* [EXTRACTED DATA]:
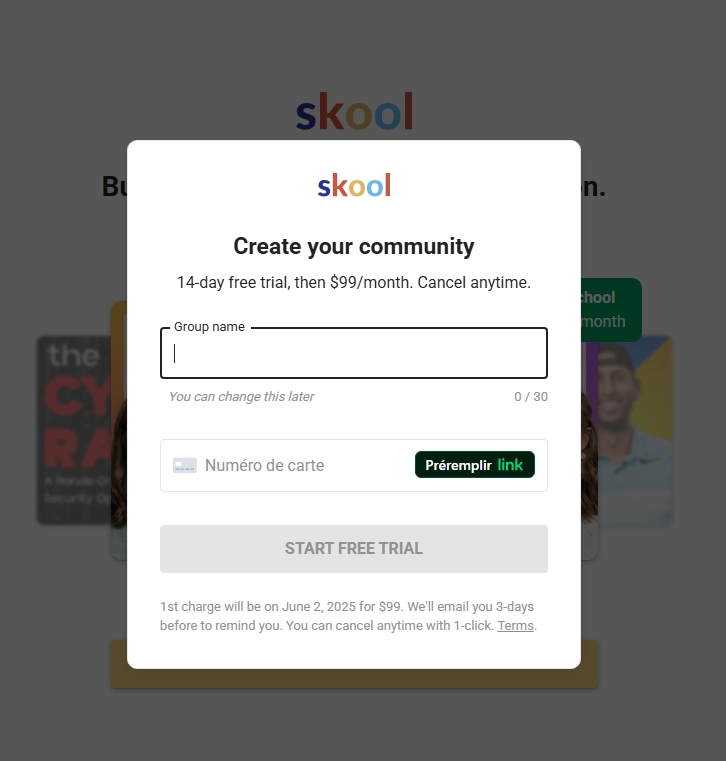 Tarif mensuel affiché sur la page d’abonnement Skool à 99 dollars
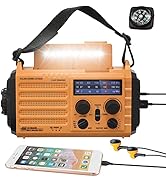 5000 Weather Radio,Solar Hand Crank 5-Way Power Emergency Radio,AM/FM/Shortwave/NOAA Alert Surviv...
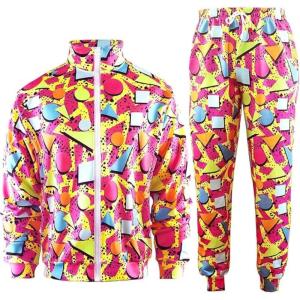 imageFlygo 80s 90s Outfit for Men Retro Track Suits 80s Tracksuit Set Windbreaker Hip Hop Party Rave OutfitsRed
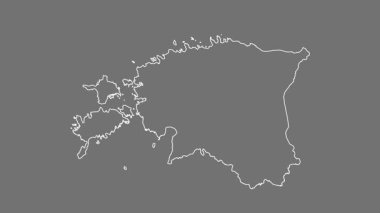 Estonya haritası - çizgi film. Bölgeler. Gri Tonlama.
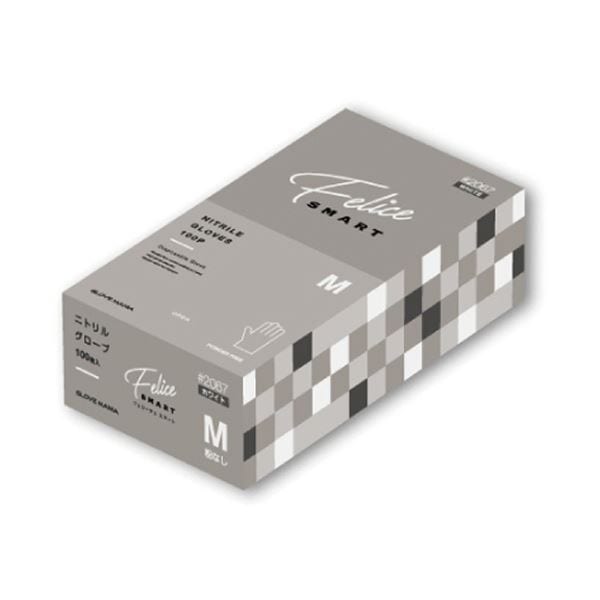 （まとめ） 川西工業ニトリルグローブ フェリーチェ スマート 粉なし ホワイト M #2067W-M 1箱（100枚） [x5セット]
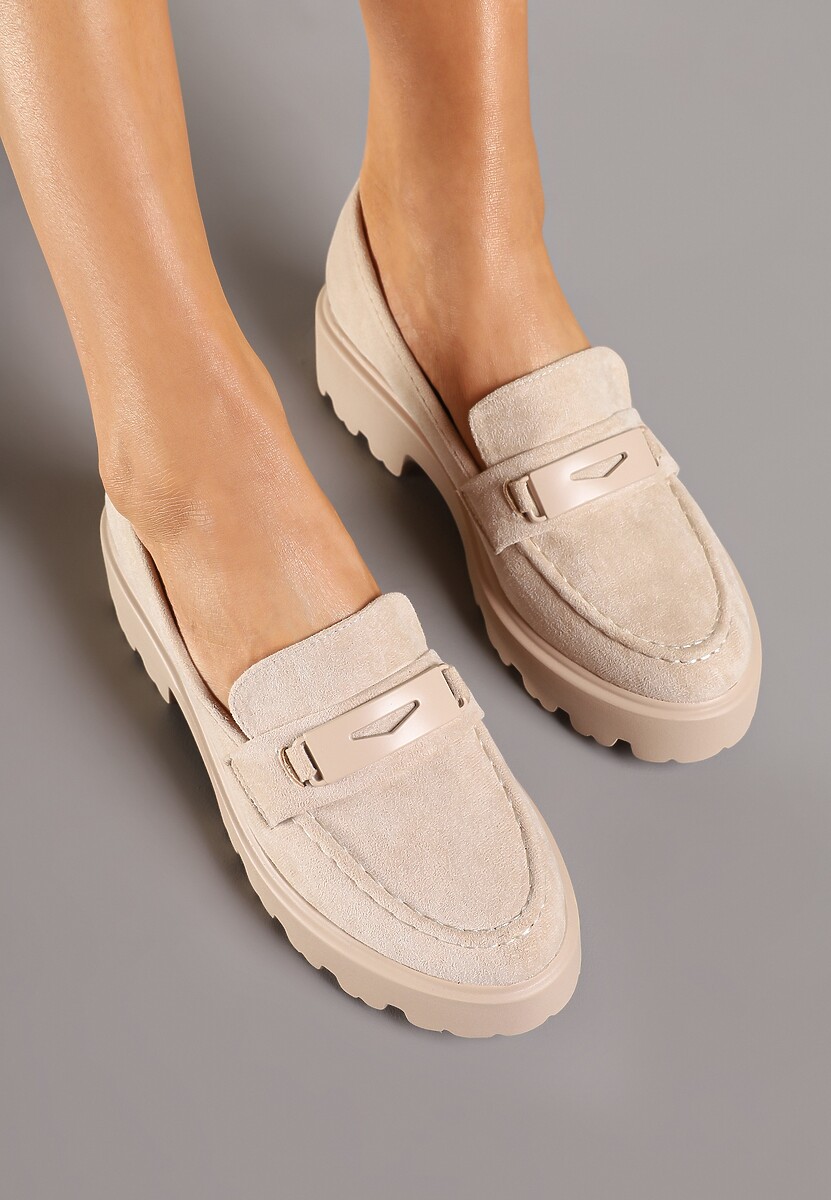 Beżowe Mokasyny na Grubej Podeszwie z Cholewką z Przeszyciami Hamaira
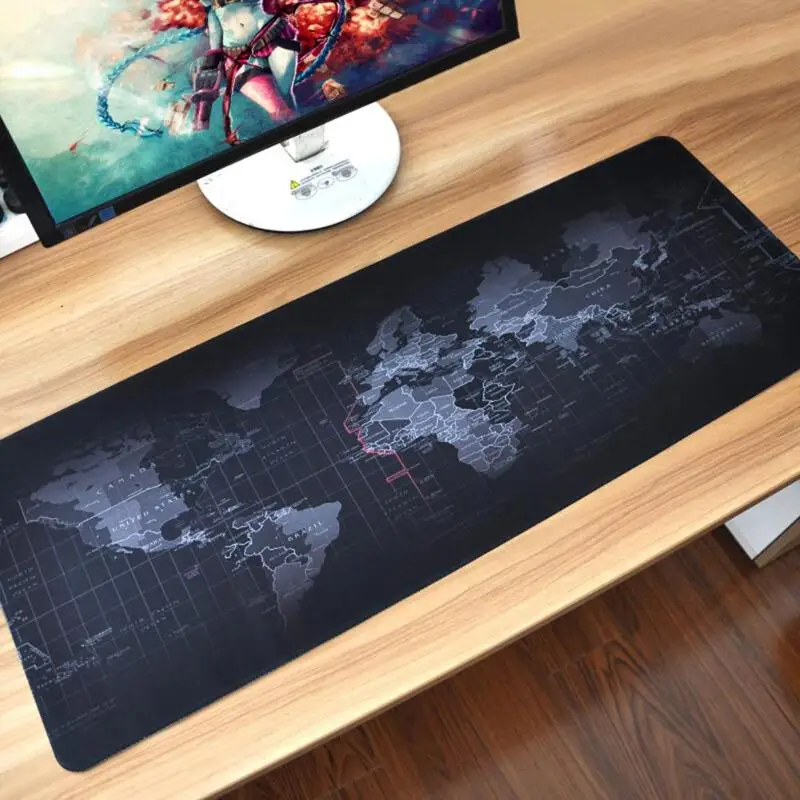 Extra Large Mouse Pad World Map Mousepad Anti-slip Natural Rubber Gaming Mat with Locking Edge for Laptop Notebook Compute | Компьютеры и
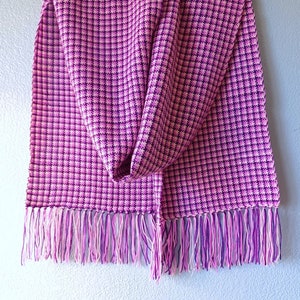 Woven Wool Scarf, Hand-woven Pink and Purple Scarf - Merino Wool Scarf, Winter Scarf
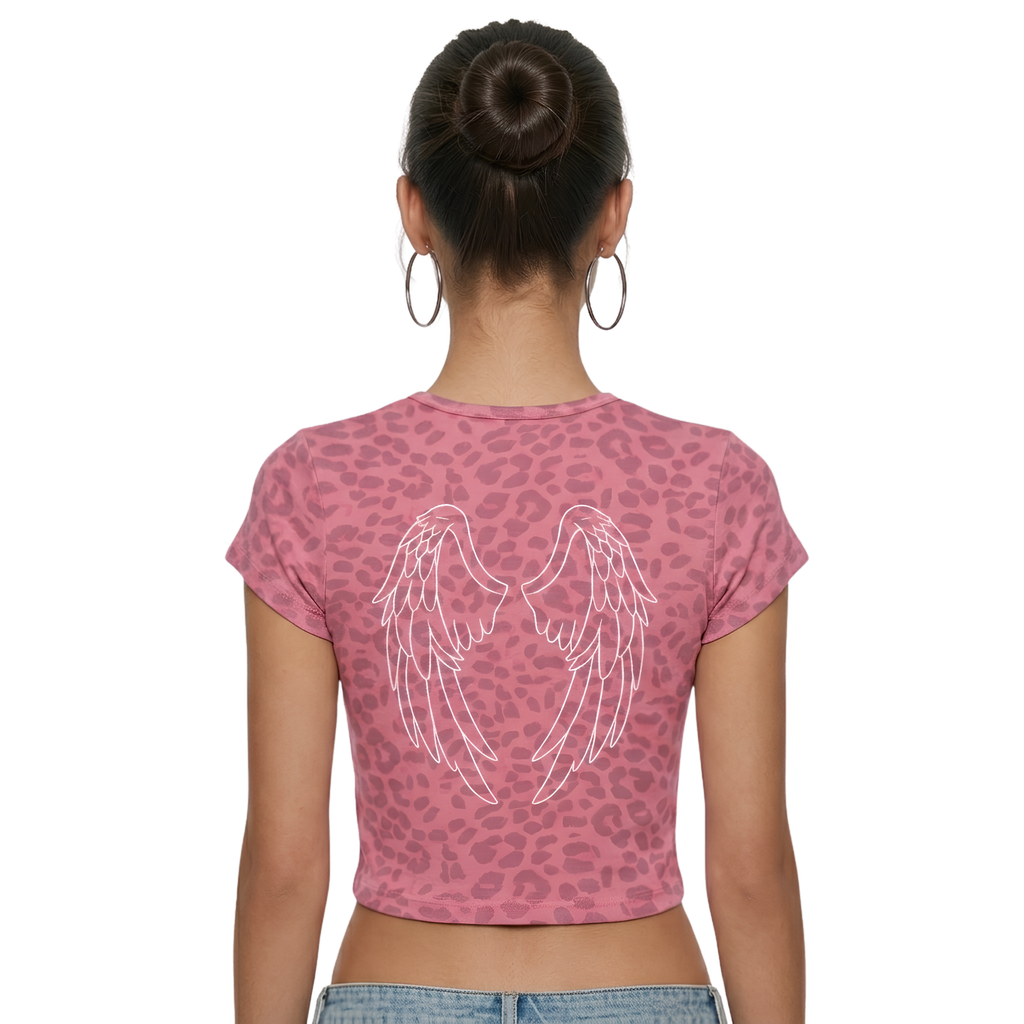hidden angel leopard print crop tee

* [DESCRIPTION OF THE TASK]: Each record should be printed exactly as it appears, leaving the pictures out.

* [RESULT FOR THIS EXERCISE]:
 Tarif mensuel affiché sur la page d’abonnement Skool à 99 dollars
 5000 Weather Radio,Solar Hand Crank 5-Way Power Emergency Radio,AM/FM/Shortwave/NOAA Alert Surviv...
 imageFlygo 80s 90s Outfit for Men Retro Track Suits 80s Tracksuit Set Windbreaker Hip Hop Party Rave OutfitsRed
 Estonya haritası - çizgi film. Bölgeler. Gri Tonlama.
 （まとめ） 川西工業ニトリルグローブ フェリーチェ スマート 粉なし ホワイト M #2067W-M 1箱（100枚） [x5セット]
 Beżowe Mokasyny na Grubej Podeszwie z Cholewką z Przeszyciami Hamaira
 Extra Large Mouse Pad World Map Mousepad Anti-slip Natural Rubber Gaming Mat with Locking Edge for Laptop Notebook Compute | Компьютеры и
 Woven Wool Scarf, Hand-woven Pink and Purple Scarf - Merino Wool Scarf, Winter Scarf
hidden angel leopard print crop tee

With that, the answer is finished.